Le réalisateur Ali Samadi Ahadi, Iranien exilé en Allemagne, a suivi la « vague verte » de résistance qui a suivi la réélection d’Ahmadinejad grâce aux centaines de vidéos postées par les manifestants. Son documentaire, limpide, reconstitue le fil rouge des événements avec les témoignages filmés, mais minimise ceux-ci avec des séquences d’animation qui n’apportent pas grand-chose.
Le parti pris d’Ali Samadi Ahadi avait tout pour séduire : pour constituer son documentaire, il a choisi de mélanger des vidéos originalement postées sur YouTube, des commentaires d’intervenants, interrogés spécialement pour l’occasion, et, élément le plus notable, des séquences d’animation pour permettre la bonne visibilité des événements les plus secrets, jamais filmés, comme la détention illégale et les tortures qu’ont subies des quidams arrêtés au seul motif d’une citoyenneté douteuse aux yeux du gouvernement. Il s’avère que c’est trop pour séduire : ce dernier parti pris fait entrer le documentaire dans la sphère nébuleuse et imprécise de la fiction, qui peut faire basculer l’ensemble dans un sensationnalisme plutôt inattendu.
C’est malheureusement l’effet produit par près de 42 minutes (soit la moitié du film) de séquences animées qui vampirisent les témoignages sur le vif, et semblent justifier leur présence par le renforcement de la « visibilité » de la révolution iranienne. Sous un style graphique qui fait parfois penser au splendide Valse avec Bachir, les événements s’enchaînent chronologiquement malgré des sauts entre des points de vue épars. C’est que l’esthétisation de la guerre (qui s’arrêtait brutalement à la fin de Valse avec Bachir) n’est ici qu’un accessoire bien utile pour figurer dans des tableaux relativement statiques les deux personnages centraux du documentaire.
Alors, certes, le spectateur profitera d’un cours bien mené sur l’atmosphère bouillante d’un véritable rassemblement des consciences, notamment autour de l’opposant Mir-Hossein Moussavi, mais il restera dans le flou quant à l’impact historique des événements. Se perdant dans le fil des déclarations d’intervenants qu’il ne pourra pas toujours identifier, il se souviendra tout de même d’une petite attaque contre les puissances internationales qui n’ont appliqué aucune sanction à l’encontre d’un régime despotique sorti vainqueur du combat urbain.

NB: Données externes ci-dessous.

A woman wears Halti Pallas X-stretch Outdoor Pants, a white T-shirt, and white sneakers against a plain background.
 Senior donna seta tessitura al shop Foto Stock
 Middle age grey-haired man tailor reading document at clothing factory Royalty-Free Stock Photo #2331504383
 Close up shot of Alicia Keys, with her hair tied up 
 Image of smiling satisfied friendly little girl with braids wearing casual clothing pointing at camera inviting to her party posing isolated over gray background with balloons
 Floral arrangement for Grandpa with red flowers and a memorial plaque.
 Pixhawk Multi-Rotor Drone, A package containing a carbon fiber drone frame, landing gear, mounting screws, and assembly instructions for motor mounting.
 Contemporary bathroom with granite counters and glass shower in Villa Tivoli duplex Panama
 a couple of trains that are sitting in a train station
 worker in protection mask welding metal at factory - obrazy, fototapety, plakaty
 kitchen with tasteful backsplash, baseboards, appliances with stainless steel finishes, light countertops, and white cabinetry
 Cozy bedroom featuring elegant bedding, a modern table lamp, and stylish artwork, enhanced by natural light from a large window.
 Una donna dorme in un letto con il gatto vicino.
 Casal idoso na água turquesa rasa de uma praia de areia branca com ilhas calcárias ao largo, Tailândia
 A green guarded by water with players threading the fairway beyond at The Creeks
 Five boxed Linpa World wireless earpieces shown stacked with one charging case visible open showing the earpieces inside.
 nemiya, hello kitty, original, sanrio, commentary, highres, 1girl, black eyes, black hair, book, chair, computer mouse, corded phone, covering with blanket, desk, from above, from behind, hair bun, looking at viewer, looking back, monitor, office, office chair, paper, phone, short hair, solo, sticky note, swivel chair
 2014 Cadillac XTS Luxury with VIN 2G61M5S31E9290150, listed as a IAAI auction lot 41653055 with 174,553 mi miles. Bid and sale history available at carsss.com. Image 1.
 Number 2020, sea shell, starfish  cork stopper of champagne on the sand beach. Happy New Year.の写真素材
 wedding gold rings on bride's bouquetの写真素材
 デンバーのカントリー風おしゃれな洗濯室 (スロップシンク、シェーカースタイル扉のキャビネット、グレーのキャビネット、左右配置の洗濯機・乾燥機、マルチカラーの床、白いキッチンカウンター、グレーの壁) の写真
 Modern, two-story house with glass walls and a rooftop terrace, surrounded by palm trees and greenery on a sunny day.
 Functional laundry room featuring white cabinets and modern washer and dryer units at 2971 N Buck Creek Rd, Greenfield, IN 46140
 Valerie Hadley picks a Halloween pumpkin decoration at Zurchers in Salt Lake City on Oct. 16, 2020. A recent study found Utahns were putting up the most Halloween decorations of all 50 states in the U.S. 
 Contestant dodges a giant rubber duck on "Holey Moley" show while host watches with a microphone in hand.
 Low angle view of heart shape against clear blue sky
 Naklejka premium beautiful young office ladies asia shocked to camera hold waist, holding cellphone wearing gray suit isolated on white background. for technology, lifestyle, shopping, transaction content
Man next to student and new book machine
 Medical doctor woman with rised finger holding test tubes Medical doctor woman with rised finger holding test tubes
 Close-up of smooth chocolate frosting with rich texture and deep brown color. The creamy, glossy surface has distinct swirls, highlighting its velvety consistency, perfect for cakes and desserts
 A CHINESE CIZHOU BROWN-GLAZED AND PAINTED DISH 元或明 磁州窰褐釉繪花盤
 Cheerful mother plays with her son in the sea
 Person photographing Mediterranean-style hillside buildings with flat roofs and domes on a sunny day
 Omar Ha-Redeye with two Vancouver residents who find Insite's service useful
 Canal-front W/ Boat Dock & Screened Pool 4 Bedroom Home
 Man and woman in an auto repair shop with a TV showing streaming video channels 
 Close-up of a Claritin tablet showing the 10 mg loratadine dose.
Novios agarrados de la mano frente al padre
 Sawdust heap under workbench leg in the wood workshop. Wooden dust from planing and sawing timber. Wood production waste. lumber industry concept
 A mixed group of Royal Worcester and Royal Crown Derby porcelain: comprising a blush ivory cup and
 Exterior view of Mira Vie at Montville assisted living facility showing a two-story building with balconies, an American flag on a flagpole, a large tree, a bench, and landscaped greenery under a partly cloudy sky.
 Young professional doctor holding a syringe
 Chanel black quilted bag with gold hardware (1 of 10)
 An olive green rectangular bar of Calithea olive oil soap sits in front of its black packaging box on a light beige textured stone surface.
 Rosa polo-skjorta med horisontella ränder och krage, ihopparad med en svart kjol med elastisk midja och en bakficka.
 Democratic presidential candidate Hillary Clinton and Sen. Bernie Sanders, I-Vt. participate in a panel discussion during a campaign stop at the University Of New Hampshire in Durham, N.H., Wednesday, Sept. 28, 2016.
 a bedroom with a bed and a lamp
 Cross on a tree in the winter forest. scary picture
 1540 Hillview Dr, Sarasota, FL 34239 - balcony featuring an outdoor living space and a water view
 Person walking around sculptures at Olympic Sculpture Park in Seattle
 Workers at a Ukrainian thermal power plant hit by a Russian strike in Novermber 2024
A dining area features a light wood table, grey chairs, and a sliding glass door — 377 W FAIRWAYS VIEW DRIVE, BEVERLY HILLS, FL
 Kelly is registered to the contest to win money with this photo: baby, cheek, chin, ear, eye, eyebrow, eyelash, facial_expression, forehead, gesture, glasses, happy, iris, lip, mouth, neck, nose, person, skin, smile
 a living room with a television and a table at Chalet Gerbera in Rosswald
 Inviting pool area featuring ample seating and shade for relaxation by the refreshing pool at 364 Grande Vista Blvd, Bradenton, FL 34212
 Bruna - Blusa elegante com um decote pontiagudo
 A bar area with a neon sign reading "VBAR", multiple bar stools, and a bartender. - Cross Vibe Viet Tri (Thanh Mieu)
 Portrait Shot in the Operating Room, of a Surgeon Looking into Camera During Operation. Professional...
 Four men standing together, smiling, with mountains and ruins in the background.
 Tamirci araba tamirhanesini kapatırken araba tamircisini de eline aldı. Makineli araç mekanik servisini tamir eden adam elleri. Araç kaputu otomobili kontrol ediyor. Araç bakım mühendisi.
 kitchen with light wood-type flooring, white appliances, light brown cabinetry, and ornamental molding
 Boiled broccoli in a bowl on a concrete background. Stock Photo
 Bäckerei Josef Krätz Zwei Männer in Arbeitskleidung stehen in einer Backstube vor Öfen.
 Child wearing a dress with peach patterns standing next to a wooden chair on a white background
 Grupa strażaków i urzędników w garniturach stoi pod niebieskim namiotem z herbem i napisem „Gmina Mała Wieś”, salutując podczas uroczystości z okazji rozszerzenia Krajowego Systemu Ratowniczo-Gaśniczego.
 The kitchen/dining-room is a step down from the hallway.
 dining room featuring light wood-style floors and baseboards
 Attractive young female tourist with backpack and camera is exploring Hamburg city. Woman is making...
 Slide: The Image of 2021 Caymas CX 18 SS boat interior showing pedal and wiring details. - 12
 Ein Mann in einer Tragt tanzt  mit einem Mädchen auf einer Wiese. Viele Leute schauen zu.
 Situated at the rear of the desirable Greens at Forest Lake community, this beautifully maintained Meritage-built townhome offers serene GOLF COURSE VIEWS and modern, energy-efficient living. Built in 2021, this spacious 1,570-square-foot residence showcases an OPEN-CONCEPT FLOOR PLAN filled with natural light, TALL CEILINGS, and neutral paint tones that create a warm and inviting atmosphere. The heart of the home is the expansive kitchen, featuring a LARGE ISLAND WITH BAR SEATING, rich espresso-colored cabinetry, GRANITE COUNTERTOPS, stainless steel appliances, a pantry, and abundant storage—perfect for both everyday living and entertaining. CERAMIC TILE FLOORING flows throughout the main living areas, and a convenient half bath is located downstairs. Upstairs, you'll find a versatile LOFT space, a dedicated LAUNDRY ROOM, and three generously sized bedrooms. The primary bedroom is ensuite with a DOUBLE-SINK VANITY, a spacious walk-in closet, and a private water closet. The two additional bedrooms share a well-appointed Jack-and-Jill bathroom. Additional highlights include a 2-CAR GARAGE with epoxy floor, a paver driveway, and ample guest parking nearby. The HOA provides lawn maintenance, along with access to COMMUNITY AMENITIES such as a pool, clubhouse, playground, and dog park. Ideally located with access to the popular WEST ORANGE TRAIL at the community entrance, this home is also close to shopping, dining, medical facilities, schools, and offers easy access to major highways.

Sans doute, un des premiers modèles de révolution moderne a fourni un exemple frappant de l’implication des dispositifs numériques nomades dans la résistance à l’ordre établi, à l’information unique et aux mesures répressives déployées par les régimes autoritaires. Mais ce documentaire, qui semble avoir été sous-titré « l’histoire d’une révolution 2.0 » pour répondre à des besoins promotionnels, manque finalement toute l’étrangeté de ces images d’un pays lointain, captées à l’arrachée dans l’urgence du réel, et que l’on visionne dans un rectangle (un aspect structurant Fragments d’une révolution (2010), qui proposait aussi une précieuse reformulation et remise en scène de ces images). Ironiquement, Ali Samadi Ahadi inclut dans Le Printemps de Téhéran une des vidéos les plus célèbres du mouvement, un plan fixe presque entièrement plongé dans l’obscurité et une voix de femme qui prononce une prière pour son pays. Rien dans l’image ne laisse deviner le drame, après tout la nuit iranienne ressemble à toutes les autres, seul le discours, les sons et le regard du spectateur/visionneur actualisent l’ensemble et font résonner la puissance du témoignage Le seul mérite de l’inclusion est le sous-titrage de la séquence, mais le document rend par là même ses séquences d’animation encore plus platement démonstratives. Comme s’il fallait rendre la révolution – et la répression – cinégénique.